_To do:_ Although the records contain pictures, only their text should be set down, exactly as written.

(Records from a dataset)
=-=-=-=-=

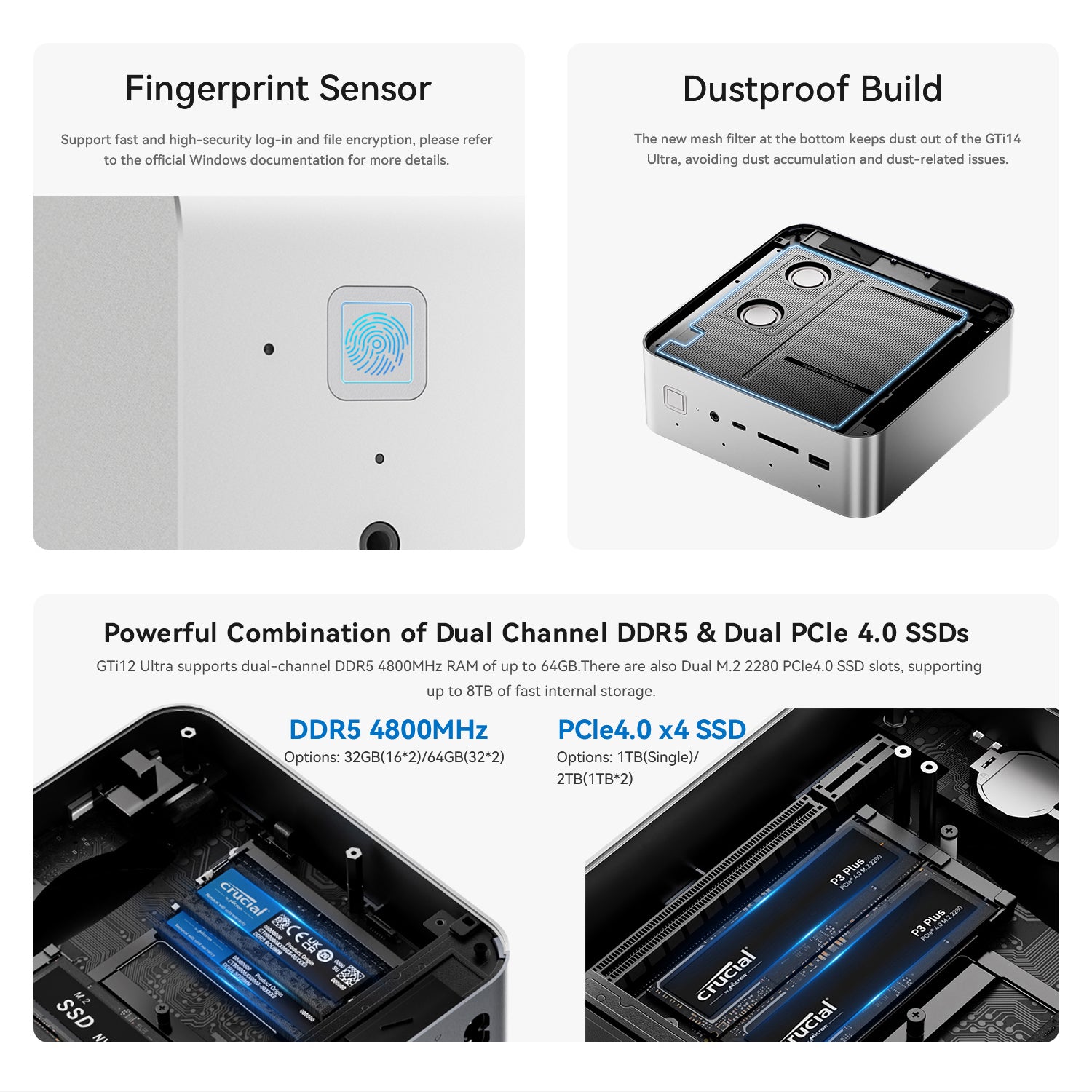 Beelink GTi Ultra Series & EX Pro Docking Station Bundle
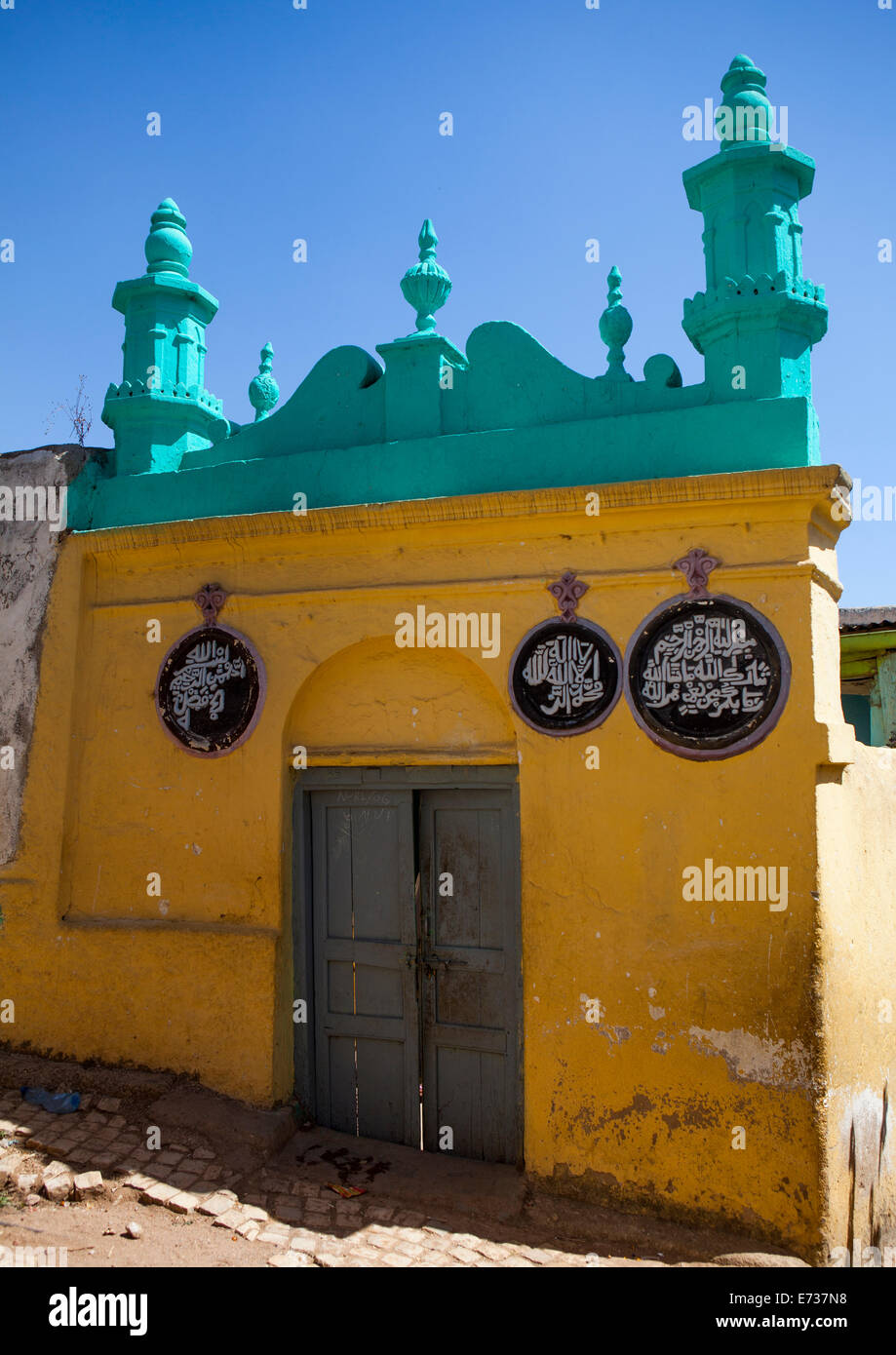 Moschee In der Altstadt, Harar, Äthiopien Stockfoto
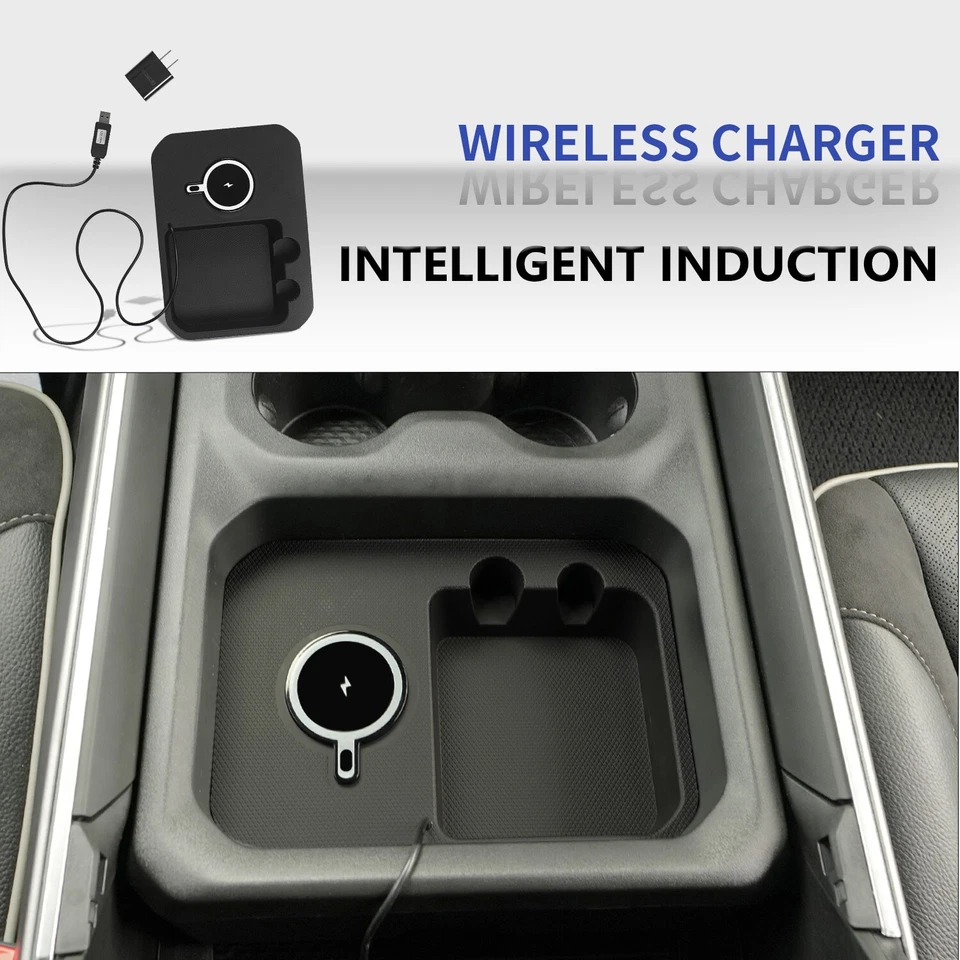 For 2019-25 Dodge Ram 1500 2500 Magnetic Car Wireless Charger Car Charging Tray Foto 2 de 4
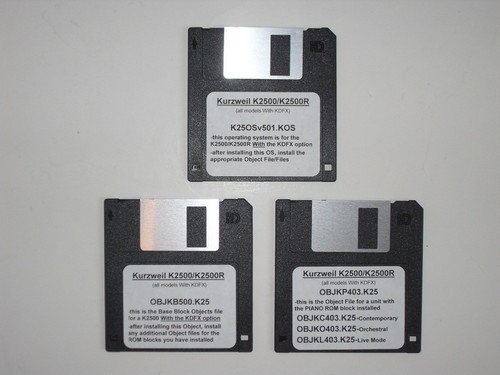 Kurzweil k2500 k2500r and - k2500, os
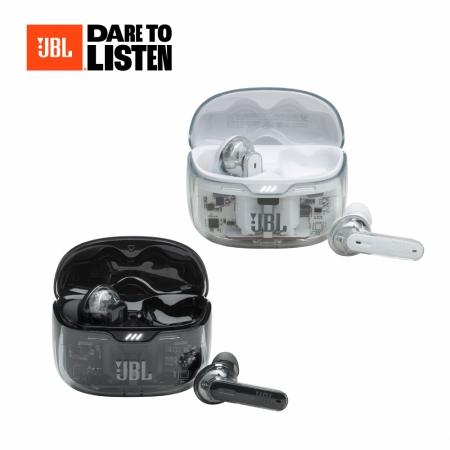 【JBL】Tune Beam Ghost 真無線降噪耳機-透明系特別版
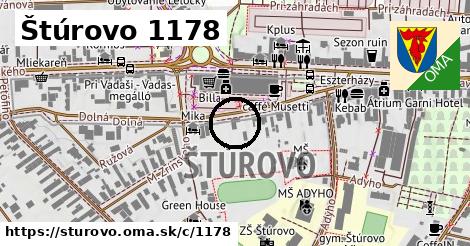 Štúrovo <span class="supisne">1178</span>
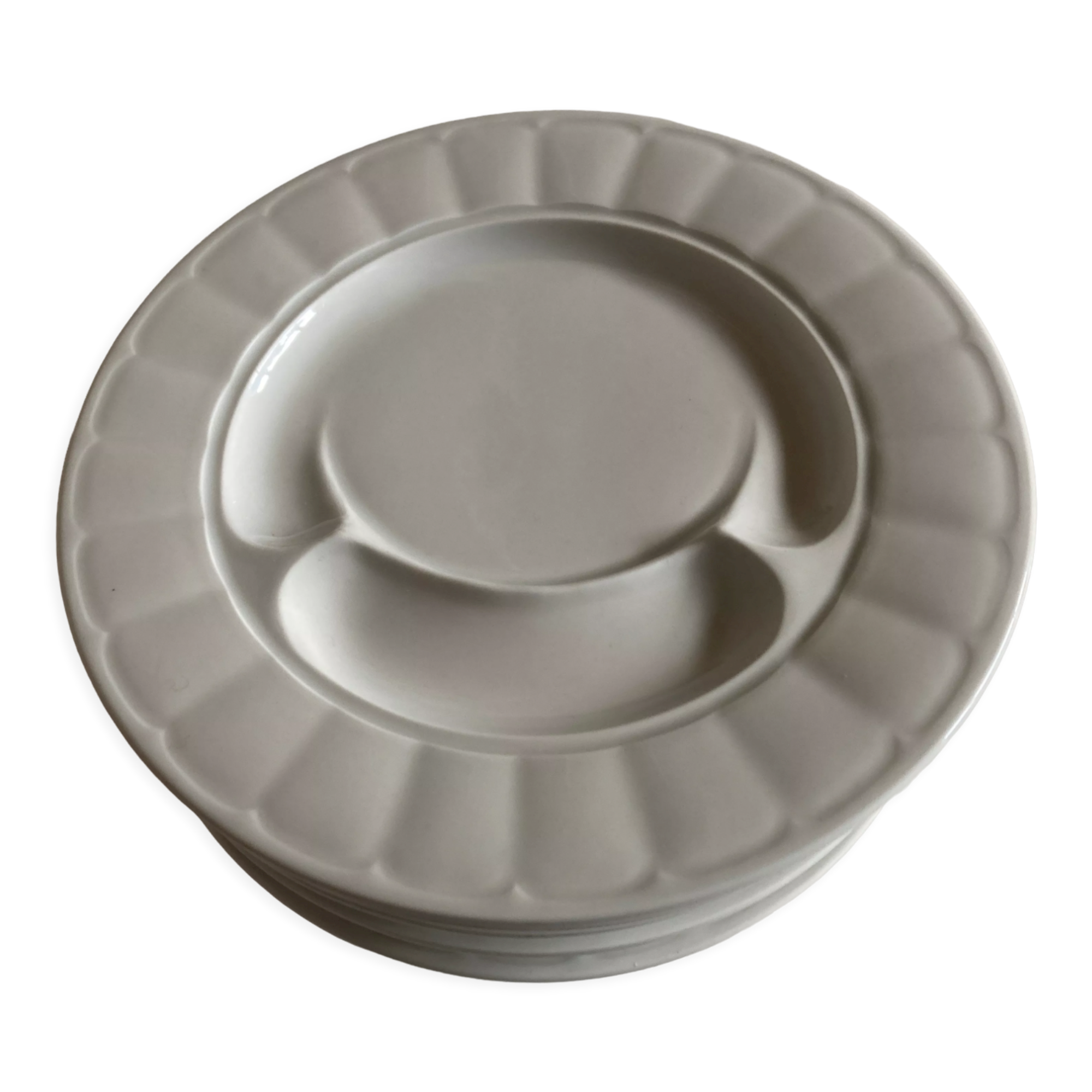 Set of 6 porcelain asparagus plates 1960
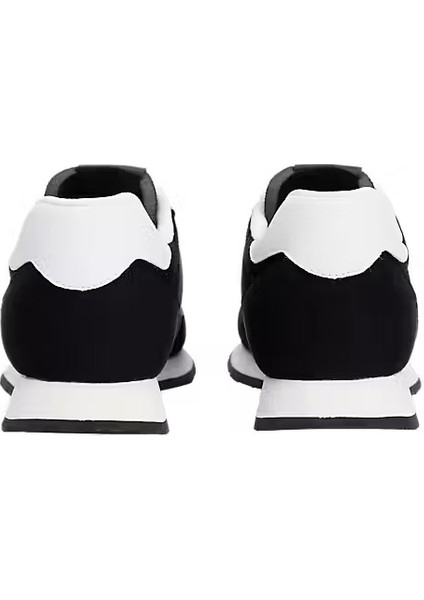 Erkek Kumaş Kombinli Koşu Stili Sneaker - Siyah fırsatları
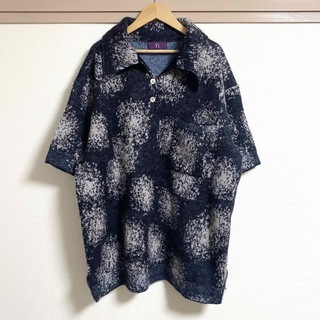 ワイズ(Y's)のy's PINK 21AWモヘヤジャガードポロシャツ YohjiYamamoto(ニット/セーター)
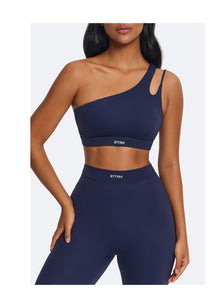 One-Shoulder Strap Top | Navy Blue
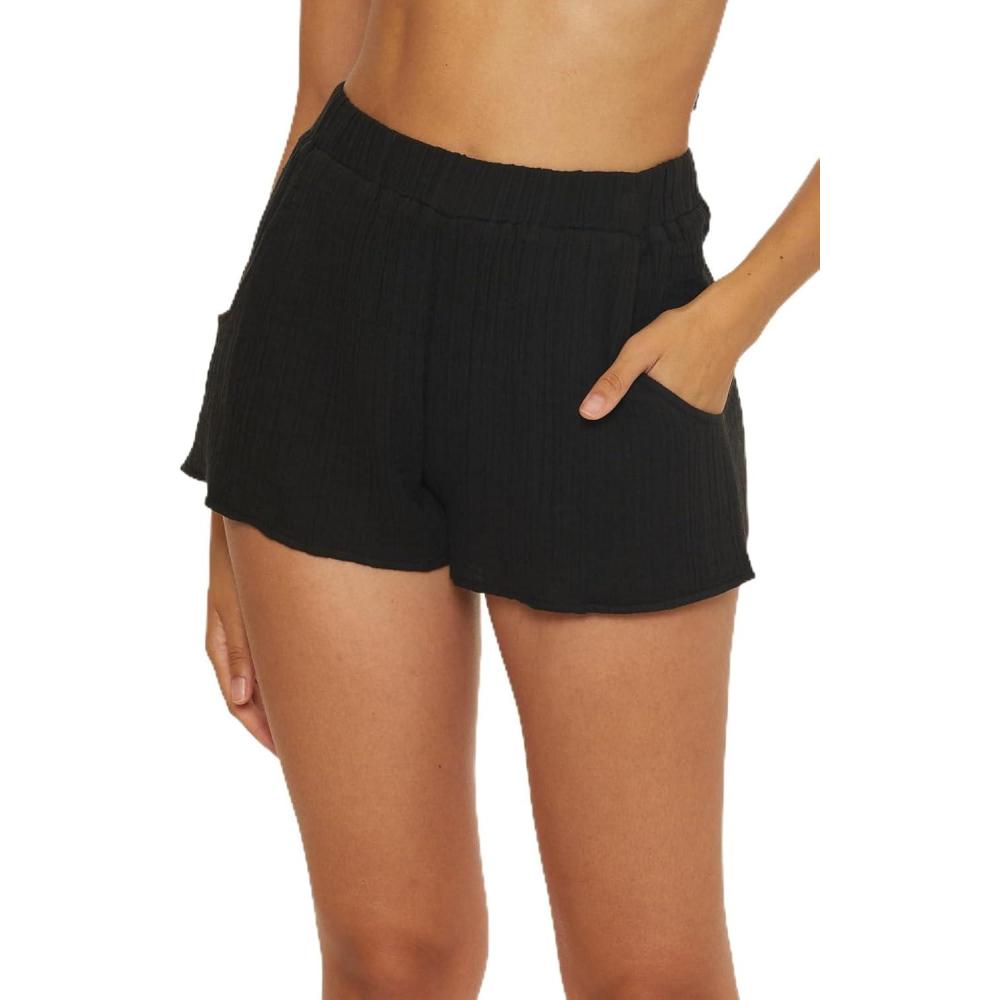 imageTrina Turk Pocket Shorts Casual Beach Cover Ups for WomenSerene Black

=-=-=-=-=

_Answer to this exercise:_
 Beelink GTi Ultra Series & EX Pro Docking Station Bundle
 Moschee In der Altstadt, Harar, Äthiopien Stockfoto
 For 2019-25 Dodge Ram 1500 2500 Magnetic Car Wireless Charger Car Charging Tray Foto 2 de 4
 Kurzweil k2500 k2500r and - k2500, os
 【JBL】Tune Beam Ghost 真無線降噪耳機-透明系特別版
 Štúrovo <span class="supisne">1178</span>
 Set of 6 porcelain asparagus plates 1960
 Erkek Kumaş Kombinli Koşu Stili Sneaker - Siyah fırsatları
 ワイズ(Y's)のy's PINK 21AWモヘヤジャガードポロシャツ YohjiYamamoto(ニット/セーター)
 One-Shoulder Strap Top | Navy Blue
 imageTrina Turk Pocket Shorts Casual Beach Cover Ups for WomenSerene Black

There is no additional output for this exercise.